§ **Problem details**
Word for word, repeat the records, leaving every picture behind.

§ **Input**
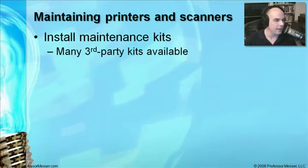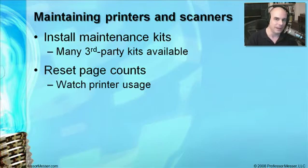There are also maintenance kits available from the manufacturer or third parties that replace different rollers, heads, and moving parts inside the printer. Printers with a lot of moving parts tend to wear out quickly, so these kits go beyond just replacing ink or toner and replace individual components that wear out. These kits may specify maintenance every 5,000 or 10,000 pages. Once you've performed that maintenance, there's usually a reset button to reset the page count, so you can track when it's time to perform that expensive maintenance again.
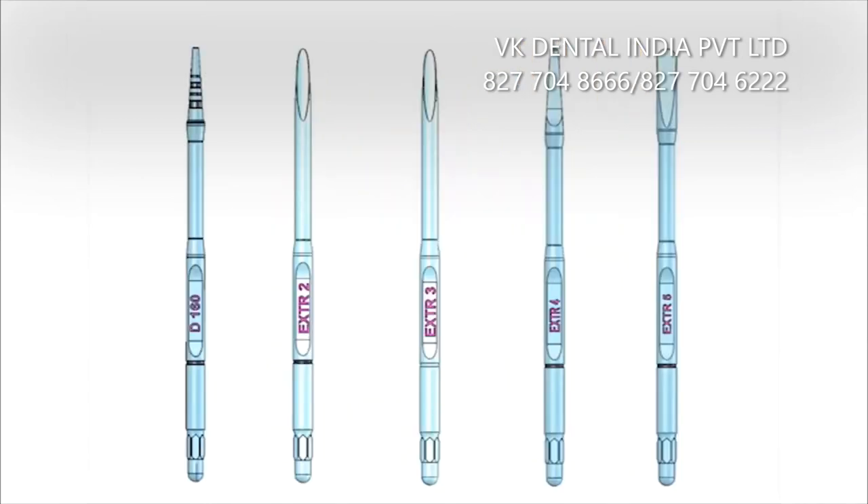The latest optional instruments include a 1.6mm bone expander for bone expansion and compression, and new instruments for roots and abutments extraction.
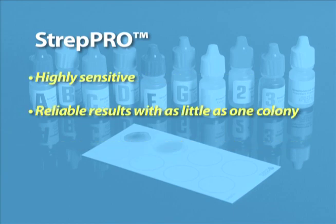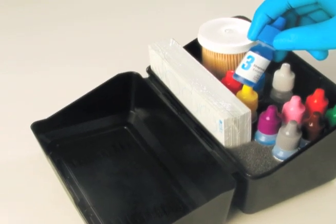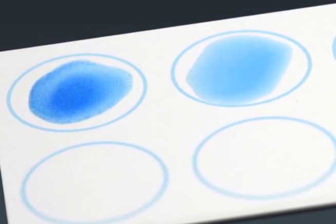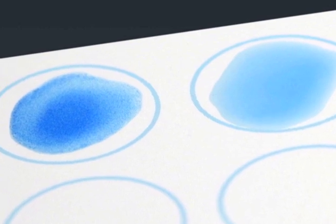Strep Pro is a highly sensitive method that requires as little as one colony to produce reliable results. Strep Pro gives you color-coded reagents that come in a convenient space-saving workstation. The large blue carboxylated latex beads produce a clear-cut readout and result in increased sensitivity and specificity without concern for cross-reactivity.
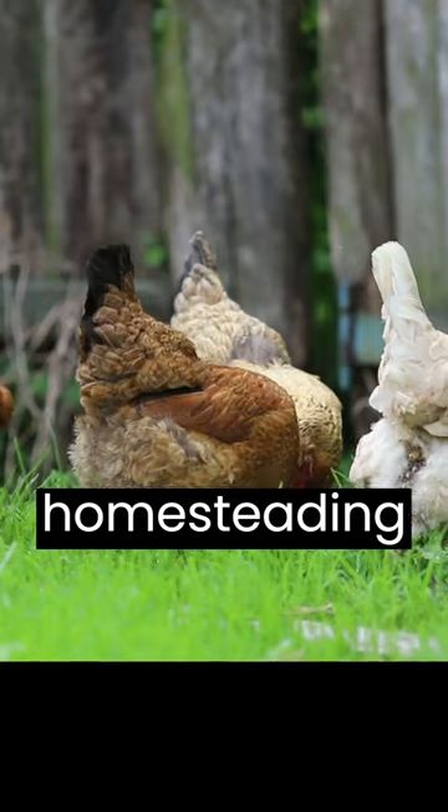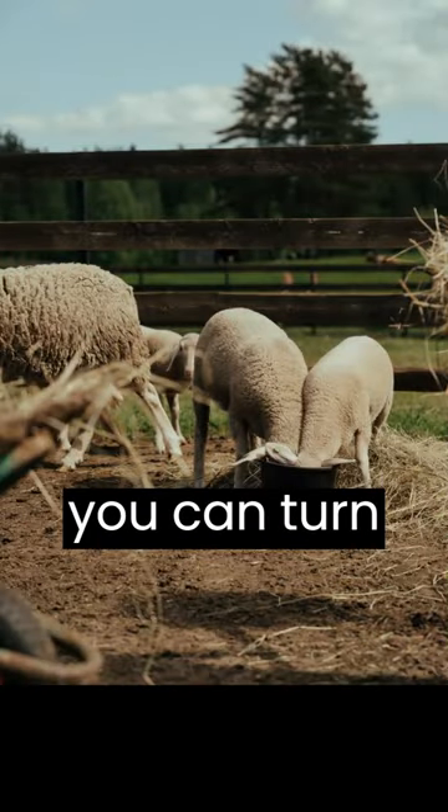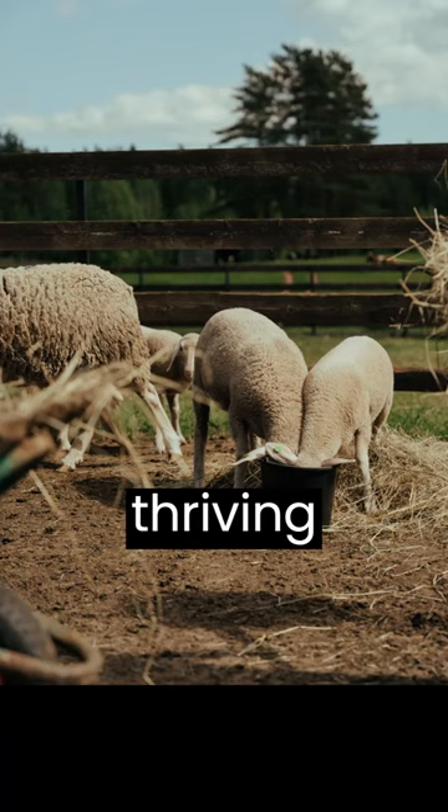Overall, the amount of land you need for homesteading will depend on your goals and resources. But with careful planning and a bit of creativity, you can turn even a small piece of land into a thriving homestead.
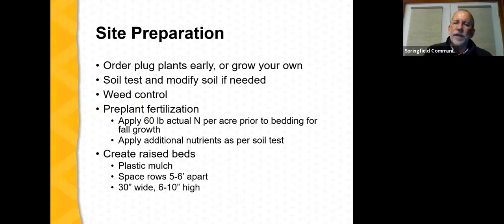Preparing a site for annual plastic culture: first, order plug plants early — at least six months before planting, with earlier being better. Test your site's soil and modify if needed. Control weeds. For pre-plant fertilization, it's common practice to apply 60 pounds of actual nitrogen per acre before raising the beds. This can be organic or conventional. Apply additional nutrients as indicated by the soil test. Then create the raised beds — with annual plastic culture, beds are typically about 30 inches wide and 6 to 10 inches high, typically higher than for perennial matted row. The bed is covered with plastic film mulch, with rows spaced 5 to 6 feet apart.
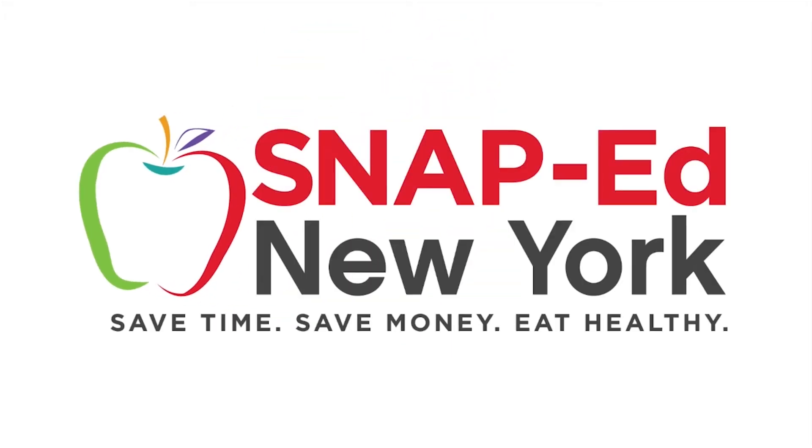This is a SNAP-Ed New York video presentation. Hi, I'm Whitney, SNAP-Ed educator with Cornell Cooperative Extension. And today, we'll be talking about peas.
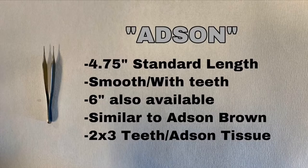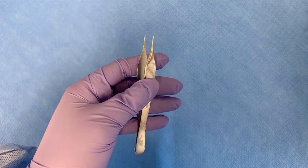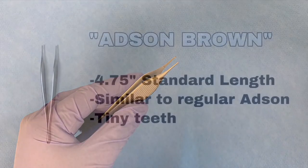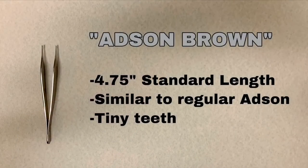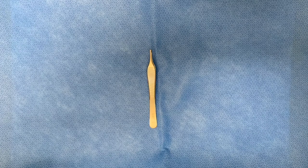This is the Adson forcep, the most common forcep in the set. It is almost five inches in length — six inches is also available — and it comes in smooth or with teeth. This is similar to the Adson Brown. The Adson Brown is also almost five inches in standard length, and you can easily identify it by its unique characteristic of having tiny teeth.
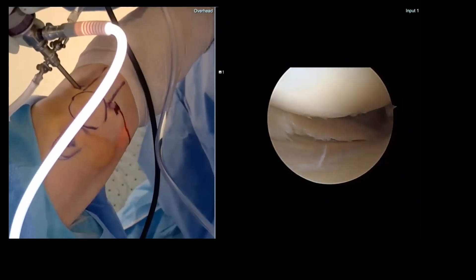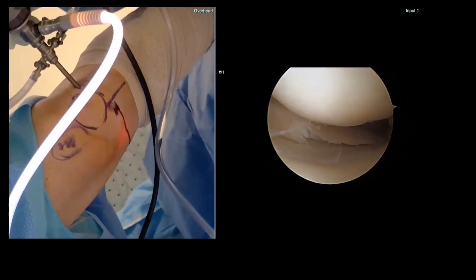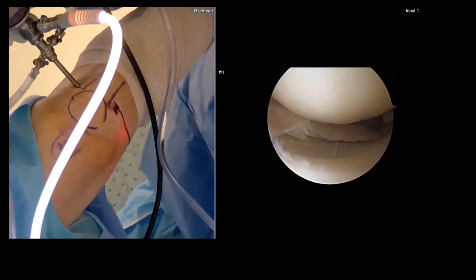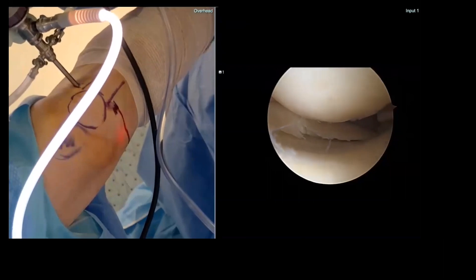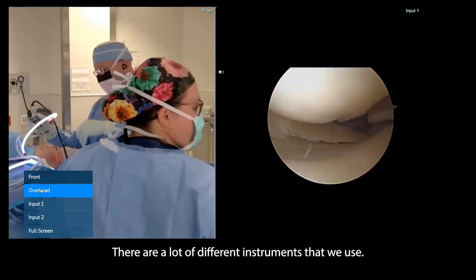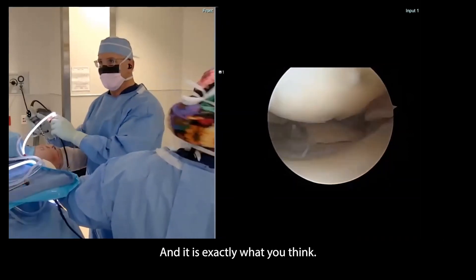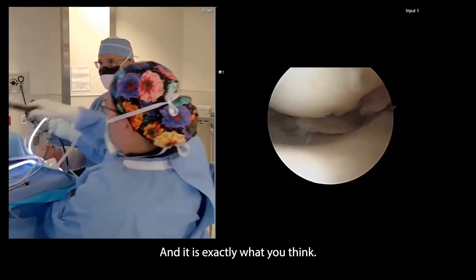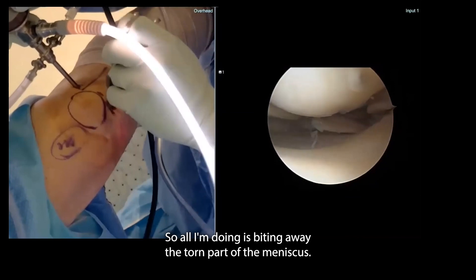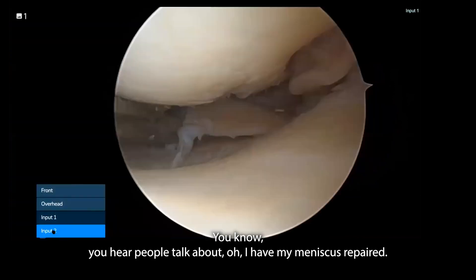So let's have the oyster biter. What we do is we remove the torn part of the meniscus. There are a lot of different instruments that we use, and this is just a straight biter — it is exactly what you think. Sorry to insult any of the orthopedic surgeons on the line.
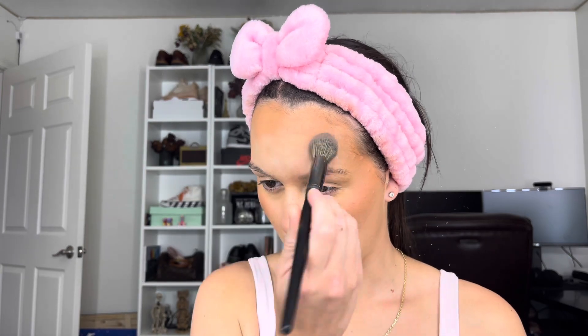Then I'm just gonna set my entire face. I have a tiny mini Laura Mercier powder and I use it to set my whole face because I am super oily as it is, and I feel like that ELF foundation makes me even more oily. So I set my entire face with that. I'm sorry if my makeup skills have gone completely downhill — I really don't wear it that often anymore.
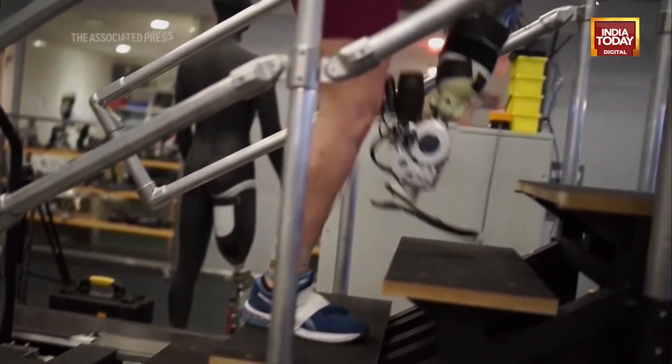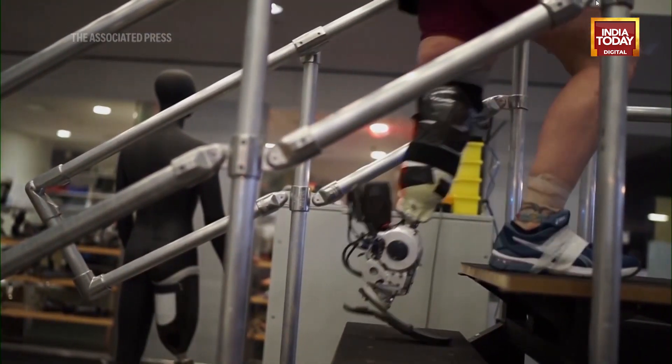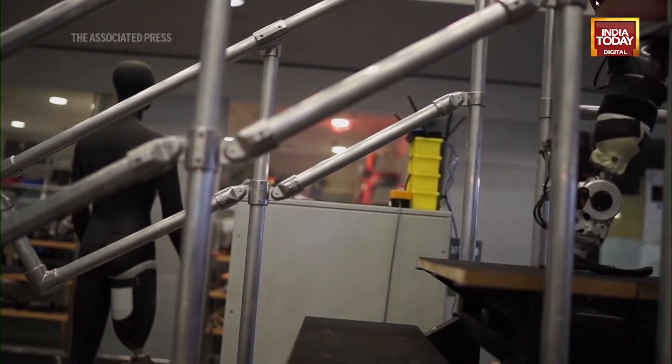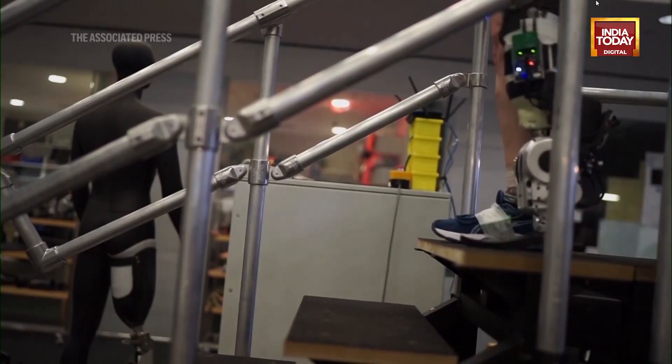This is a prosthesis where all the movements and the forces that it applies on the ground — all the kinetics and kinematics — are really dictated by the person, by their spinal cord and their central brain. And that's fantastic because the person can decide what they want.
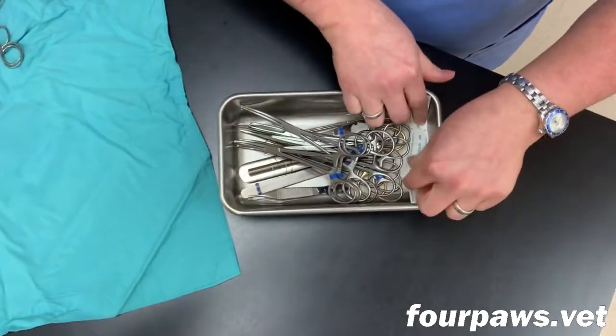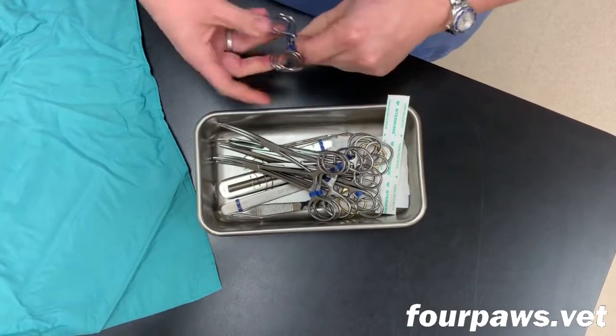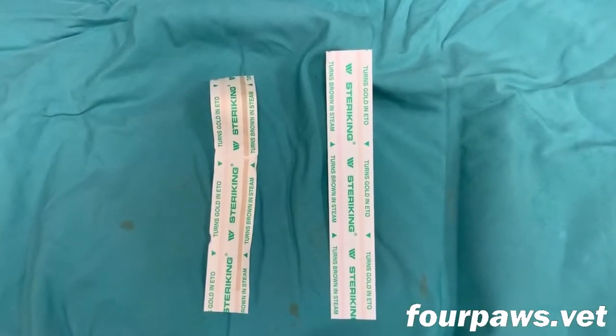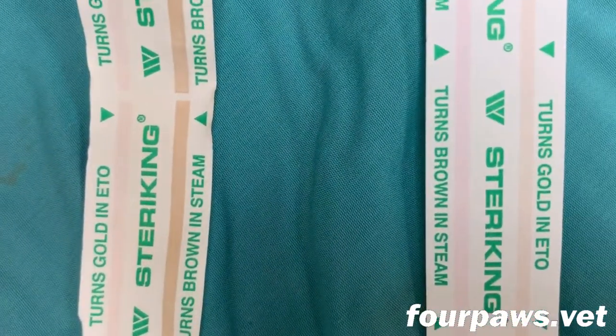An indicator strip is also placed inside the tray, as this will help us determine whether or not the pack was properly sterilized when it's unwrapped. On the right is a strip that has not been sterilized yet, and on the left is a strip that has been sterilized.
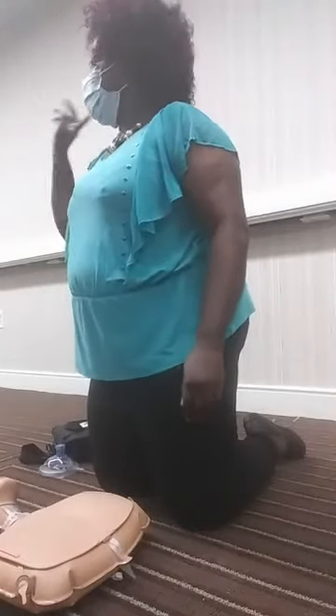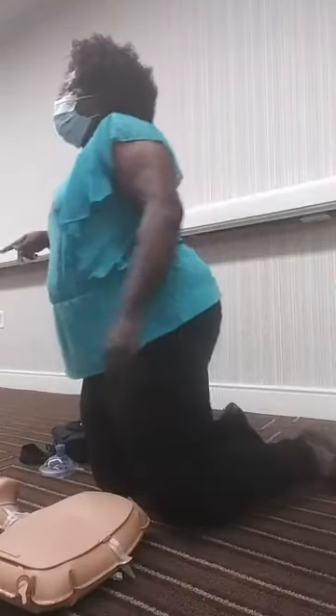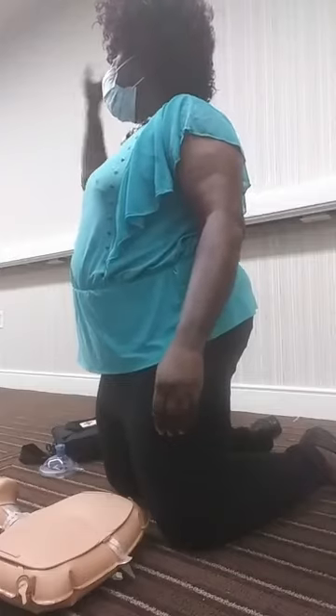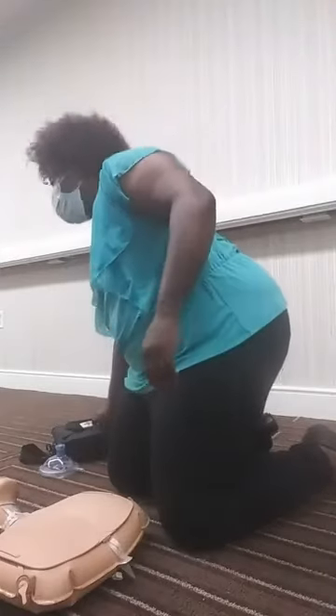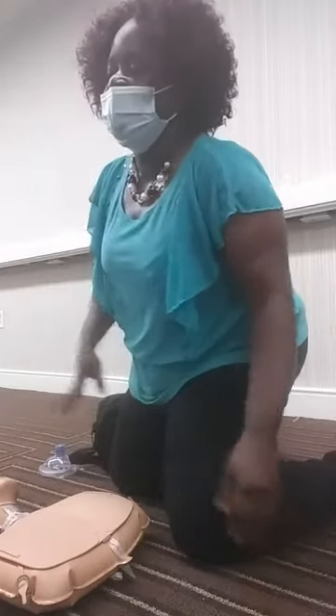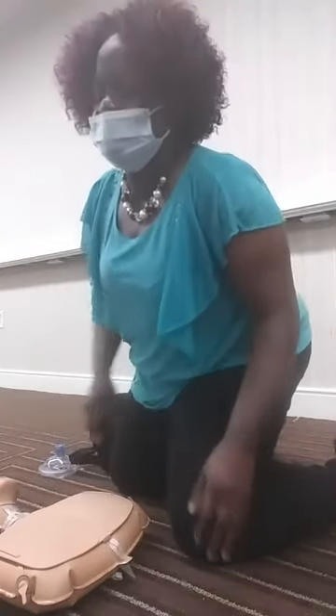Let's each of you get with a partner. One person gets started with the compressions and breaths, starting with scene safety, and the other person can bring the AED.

§ **Result for this exercise**
There are also maintenance kits available from the manufacturer or third parties that replace different rollers, heads, and moving parts inside the printer. Printers with a lot of moving parts tend to wear out quickly, so these kits go beyond just replacing ink or toner and replace individual components that wear out. These kits may specify maintenance every 5,000 or 10,000 pages. Once you've performed that maintenance, there's usually a reset button to reset the page count, so you can track when it's time to perform that expensive maintenance again.
The latest optional instruments include a 1.6mm bone expander for bone expansion and compression, and new instruments for roots and abutments extraction.
Strep Pro is a highly sensitive method that requires as little as one colony to produce reliable results. Strep Pro gives you color-coded reagents that come in a convenient space-saving workstation. The large blue carboxylated latex beads produce a clear-cut readout and result in increased sensitivity and specificity without concern for cross-reactivity.
Overall, the amount of land you need for homesteading will depend on your goals and resources. But with careful planning and a bit of creativity, you can turn even a small piece of land into a thriving homestead.
Preparing a site for annual plastic culture: first, order plug plants early — at least six months before planting, with earlier being better. Test your site's soil and modify if needed. Control weeds. For pre-plant fertilization, it's common practice to apply 60 pounds of actual nitrogen per acre before raising the beds. This can be organic or conventional. Apply additional nutrients as indicated by the soil test. Then create the raised beds — with annual plastic culture, beds are typically about 30 inches wide and 6 to 10 inches high, typically higher than for perennial matted row. The bed is covered with plastic film mulch, with rows spaced 5 to 6 feet apart.
This is a SNAP-Ed New York video presentation. Hi, I'm Whitney, SNAP-Ed educator with Cornell Cooperative Extension. And today, we'll be talking about peas.
This is the Adson forcep, the most common forcep in the set. It is almost five inches in length — six inches is also available — and it comes in smooth or with teeth. This is similar to the Adson Brown. The Adson Brown is also almost five inches in standard length, and you can easily identify it by its unique characteristic of having tiny teeth.
So let's have the oyster biter. What we do is we remove the torn part of the meniscus. There are a lot of different instruments that we use, and this is just a straight biter — it is exactly what you think. Sorry to insult any of the orthopedic surgeons on the line.
Then I'm just gonna set my entire face. I have a tiny mini Laura Mercier powder and I use it to set my whole face because I am super oily as it is, and I feel like that ELF foundation makes me even more oily. So I set my entire face with that. I'm sorry if my makeup skills have gone completely downhill — I really don't wear it that often anymore.
This is a prosthesis where all the movements and the forces that it applies on the ground — all the kinetics and kinematics — are really dictated by the person, by their spinal cord and their central brain. And that's fantastic because the person can decide what they want.
An indicator strip is also placed inside the tray, as this will help us determine whether or not the pack was properly sterilized when it's unwrapped. On the right is a strip that has not been sterilized yet, and on the left is a strip that has been sterilized.
Let's each of you get with a partner. One person gets started with the compressions and breaths, starting with scene safety, and the other person can bring the AED.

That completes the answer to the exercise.